■ **Task directions**:
Copy out the entries exactly, and wherever a picture appears, leave it out.

-*-*-

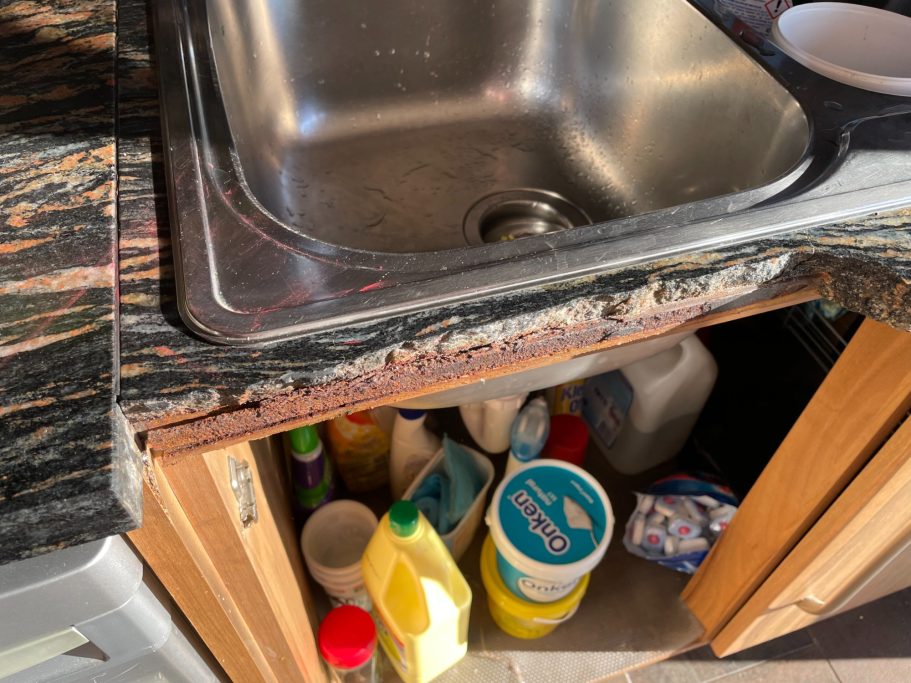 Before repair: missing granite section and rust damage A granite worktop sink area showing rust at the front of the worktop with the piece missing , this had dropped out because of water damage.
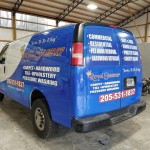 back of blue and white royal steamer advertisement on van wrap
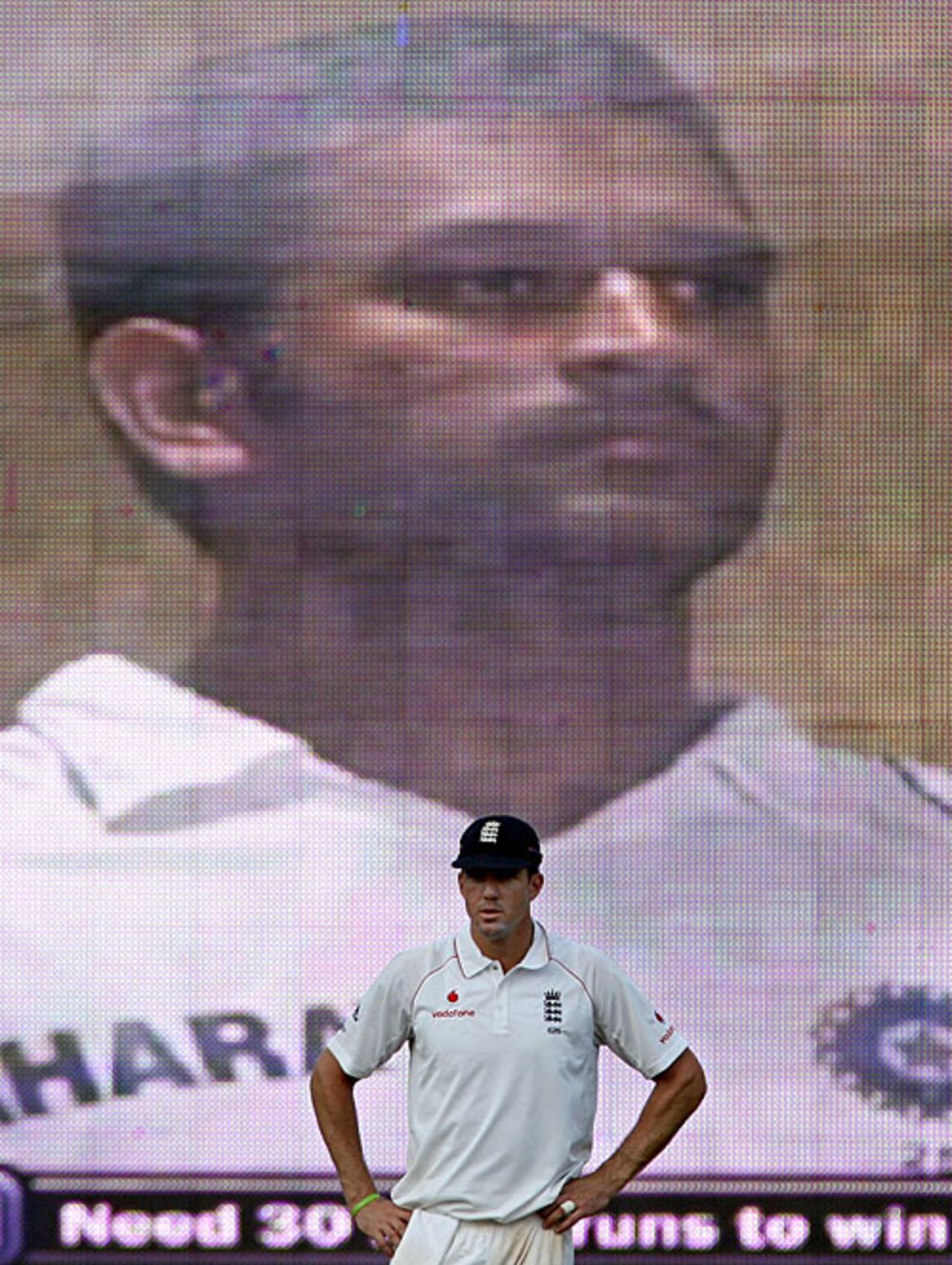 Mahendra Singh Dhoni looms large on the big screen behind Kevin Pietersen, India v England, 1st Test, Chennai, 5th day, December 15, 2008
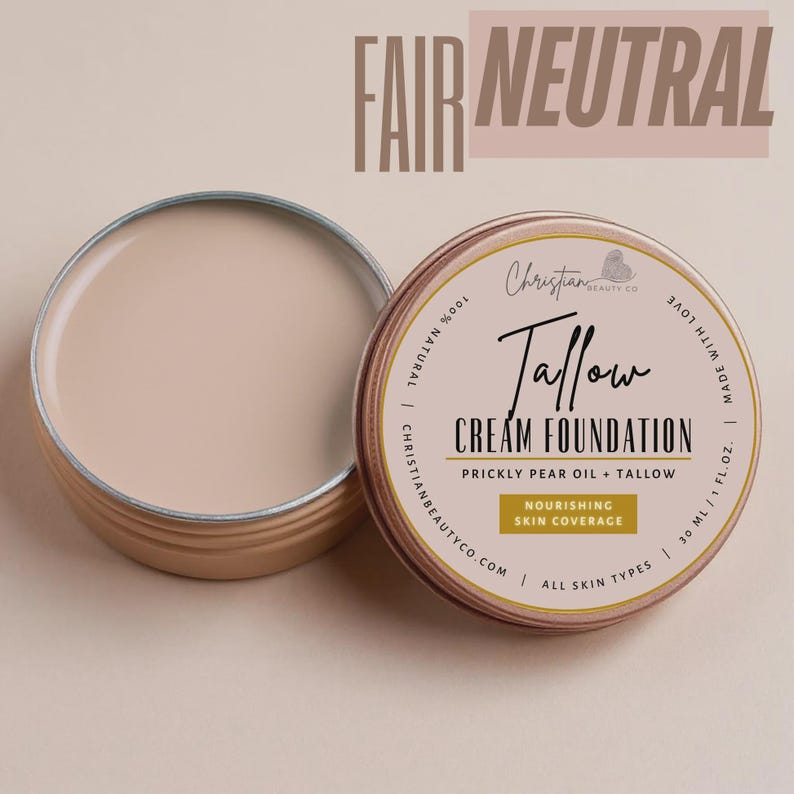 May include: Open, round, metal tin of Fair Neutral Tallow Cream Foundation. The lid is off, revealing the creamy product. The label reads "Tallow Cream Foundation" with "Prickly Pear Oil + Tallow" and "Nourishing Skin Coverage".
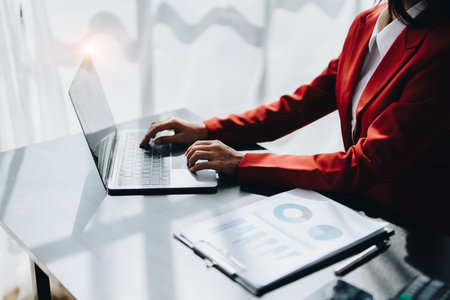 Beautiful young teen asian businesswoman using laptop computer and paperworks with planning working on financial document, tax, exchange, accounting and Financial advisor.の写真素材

-*-*-

■ **Answer section**:
 Before repair: missing granite section and rust damage A granite worktop sink area showing rust at the front of the worktop with the piece missing , this had dropped out because of water damage.
 back of blue and white royal steamer advertisement on van wrap
 Mahendra Singh Dhoni looms large on the big screen behind Kevin Pietersen, India v England, 1st Test, Chennai, 5th day, December 15, 2008
 May include: Open, round, metal tin of Fair Neutral Tallow Cream Foundation. The lid is off, revealing the creamy product. The label reads "Tallow Cream Foundation" with "Prickly Pear Oil + Tallow" and "Nourishing Skin Coverage".
 Beautiful young teen asian businesswoman using laptop computer and paperworks with planning working on financial document, tax, exchange, accounting and Financial advisor.の写真素材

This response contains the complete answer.